▶ Problem requirements
In the data below, begin at the line with "The Fairy-Faith in Celtic Countries" and stop after the line with "Ending Africa's Wars: Progressing to Peace"; output those lines exactly and no pictures.

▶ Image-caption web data

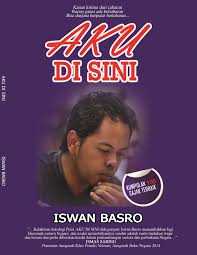 Maaf jika ku tak sepeka dia tak mampu menganyam awan gemawan menjadikannya selendang untukmu oh kekasih. Ebook 1 Aku Di Sini Iswan Basro Flip Ebook Pages 101 150 Anyflip Anyflip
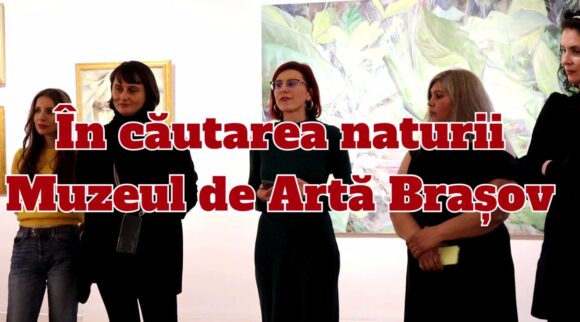 stories | „În căutarea naturii” la Muzeul de Artă Brașov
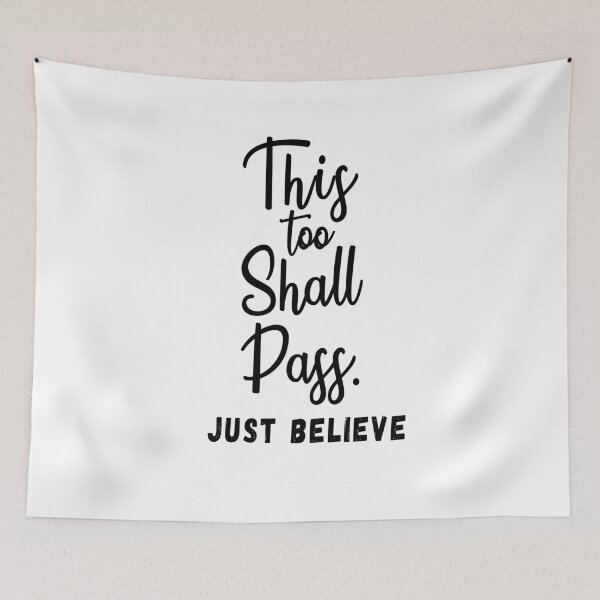 Item preview, this too shall pass just believe motivational quote designed and sold by GoodyLeo.
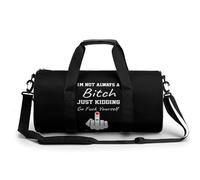 I'm Not Always A Bitch Just Kidding Go Fuck Yourself Gym Duffel Bag Sports Shoulder Backpack Travel Weekender Handbag for Men Women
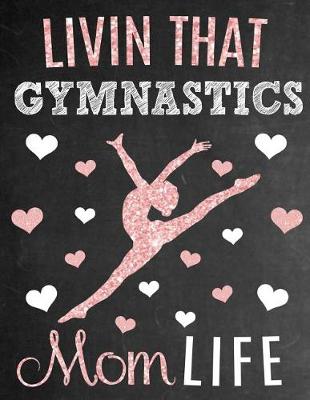 Book cover for Livin That Gymnastics Mom Life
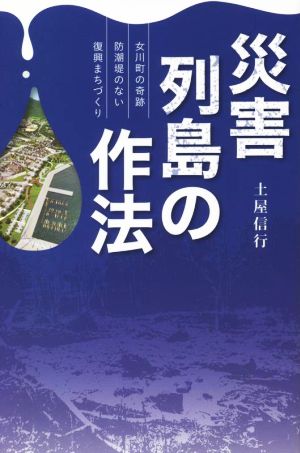 災害列島の作法 女川町の奇跡 防潮堤のない復興まちづくり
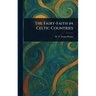 The Fairy-Faith in Celtic Countries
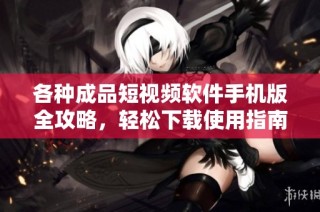 各种成品短视频软件手机版全攻略，轻松下载使用指南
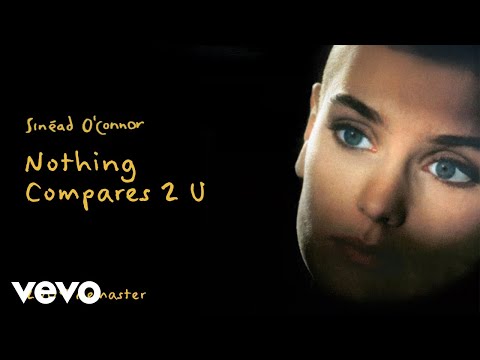 Sinead O'Connor - Nothing Compares 2 U (2009 Remaster) [Official Audio]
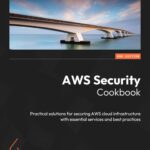 خرید و دانلود نسخه کامل کتاب AWS Security Cookbook: Practical solutions for securing AWS cloud infrastructure with essential service, 2nd Edition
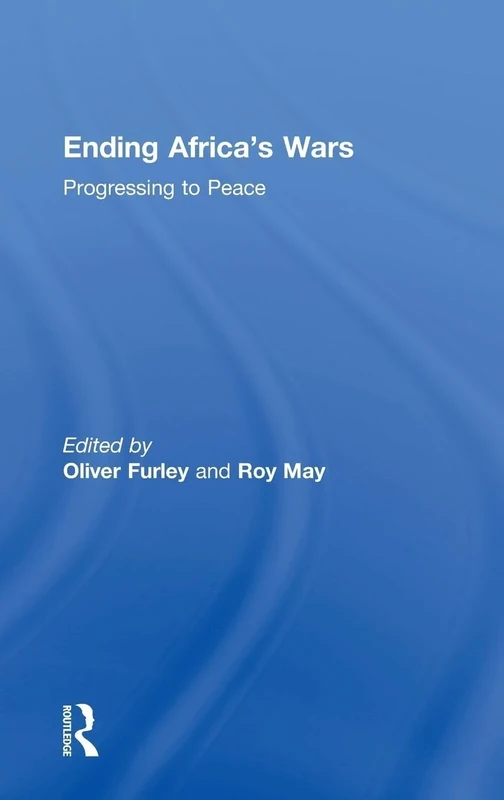 Ending Africa's Wars: Progressing to Peace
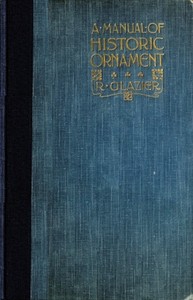 A Manual of Historic Ornament  Treating upon the evolution, tradition, and development of architecture and other applied arts. Prepared for the use of students and craftsmen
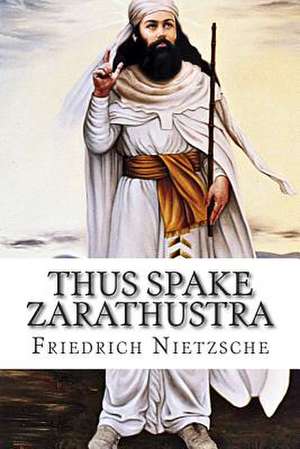 Thus Spake Zarathustra de Friedrich Wilhelm Nietzsche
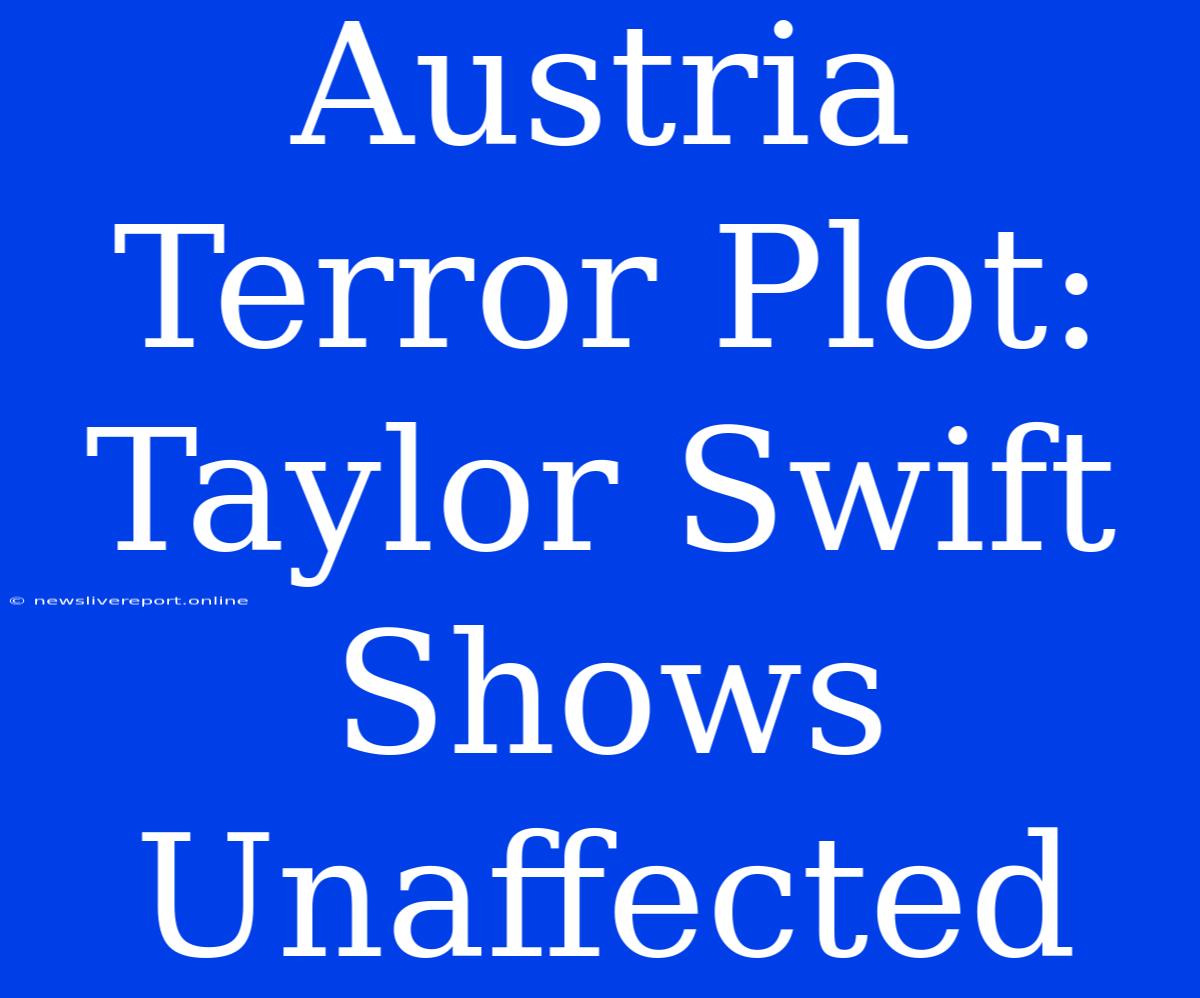 Austria Terror Plot: Taylor Swift Shows Unaffected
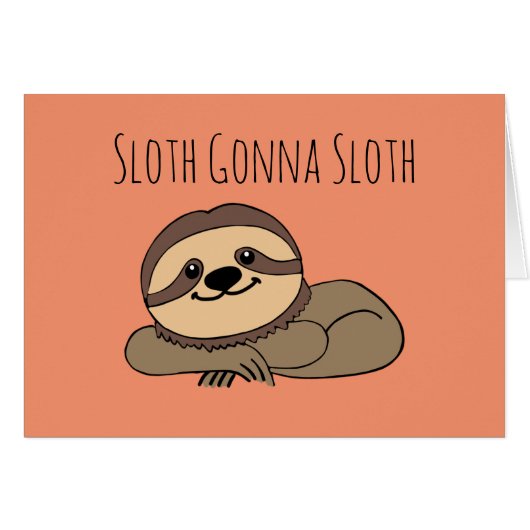 Carte de vœux Sloth Gonna Sloth (Devant Horizontal)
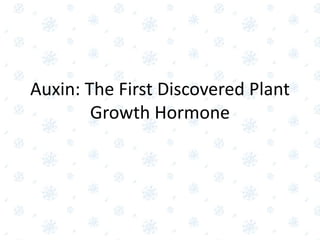Auxin: The First Discovered Plant
Growth Hormone
 
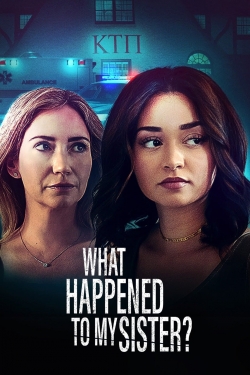 Watch What Happened to My Sister Online Free and No Sign Up - 285 HDMovie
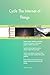 Produktbild Cycle The Internet of Things All-Inclusive Self-Assessment - More than 700 Success Criteria, Instant Visual Insights, Comprehensive Spreadsheet Dashboard, Auto-Prioritized for Quick Results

▶ Task answer
 The Fairy-Faith in Celtic Countries
 各种成品短视频软件手机版全攻略，轻松下载使用指南
 Sinead O'Connor - Nothing Compares 2 U (2009 Remaster) [Official Audio]
 خرید و دانلود نسخه کامل کتاب AWS Security Cookbook: Practical solutions for securing AWS cloud infrastructure with essential service, 2nd Edition
 Ending Africa's Wars: Progressing to Peace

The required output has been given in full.